Todas estas preocupaciones son legítimas y no es fácil abordar estos temas
cuando de entrada se percibe que se está hablando desde dos horizontes
diferentes, dos antropologías diferentes, dos teologías diferentes, dos
pastorales diferentes, dos espiritualidades diferentes. Pero, intentaré hacer
algunas reflexiones, sin ánimo de convencer a nadie sino de explicitar, un poco
más, el horizonte desde el que, a partir de Vaticano II, se mueve la iglesia,
la teología, la pastoral, la espiritualidad.

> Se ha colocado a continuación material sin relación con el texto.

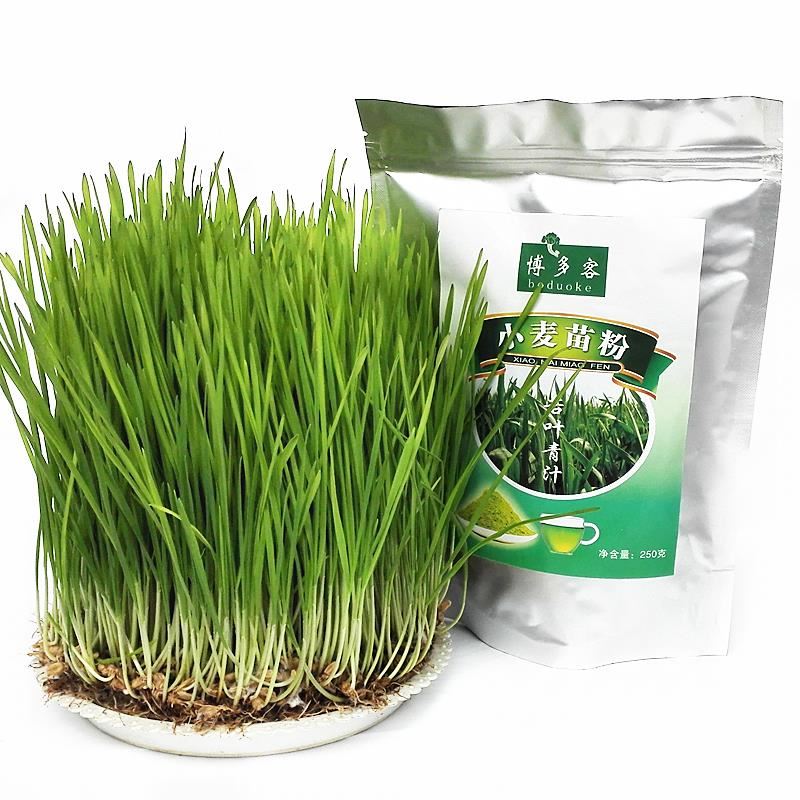 小麦苗粉若叶青汁粉 500g 清汁 小麦草非蚂蚁大麦绿素农场 买3赠1在类目 咖啡/麦片/冲饮, 天然粉粉食品中 - 来自Buy2taobao.com提供专业的淘宝代购服务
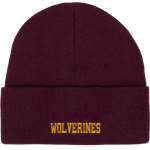 Au Gres-Sims HIGH SCHOOL WOLVERINES <span class="pdp-name-mascot">AU GRES - SIMS WOLVERINES</span> Port & Company Knit Cap Front Thumbnail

Comencemos con la antropología. La visión griega es dualista y esta visión
fue asumida por el cristianismo porque la fe se expresa en las categorías de
cada tiempo y esas eran las categorías del imperio cuando el cristianismo comenzó
a expandirse. Desde esos presupuestos, el ser humano se concibió como un
compuesto de cuerpo-alma y al morir se separaban esos dos elementos,
destruyéndose el cuerpo y salvándose o condenándose el alma. Además, esa visión
se prestó para separar lo material de lo espiritual, con el agravante de que lo
material es lo malo y lo espiritual es lo bueno. Por esto se veía positivo
castigar el cuerpo y mortificarlo para salvar al alma, única realidad que
importaba. Ahora bien, inclusive con esta visión dualista, todos los místicos y
muchos cristianos han entendido que la salvación del alma se consigue con la
práctica de la caridad. Amar al prójimo, realizar obras de misericordia,
preocuparse por dar de comer al hambriento y de beber al sediento, es lo que ha
dado origen a la variedad de carismas que se organizan en comunidades
religiosas -masculinas y femeninas- y que, hasta el día de hoy, siguiendo la
inspiración carismática de la comunidad, hacen obras de caridad y de servicio a
los más necesitados. A través de estas obras, evangelizan, primero que todo con
el testimonio y, en segundo lugar, con la palabra explícita.
Pero gracias al desarrollo de las ciencias, entre ellas la antropología, cada
vez se consolida más una visión de un ser humano integral donde la dimensión
espiritual no está separada de la corporal, sino que ambas constituyen al ser
humano. La corporeidad es más que lo biológico, en el sentido de que es la
posibilidad de expresión de la persona y de esa sed de infinito y de
trascendencia que tiene todo ser humano (lo espiritual) que no tiene otra forma
de vivirse más que en la corporeidad, en el aquí y ahora de nuestra historia.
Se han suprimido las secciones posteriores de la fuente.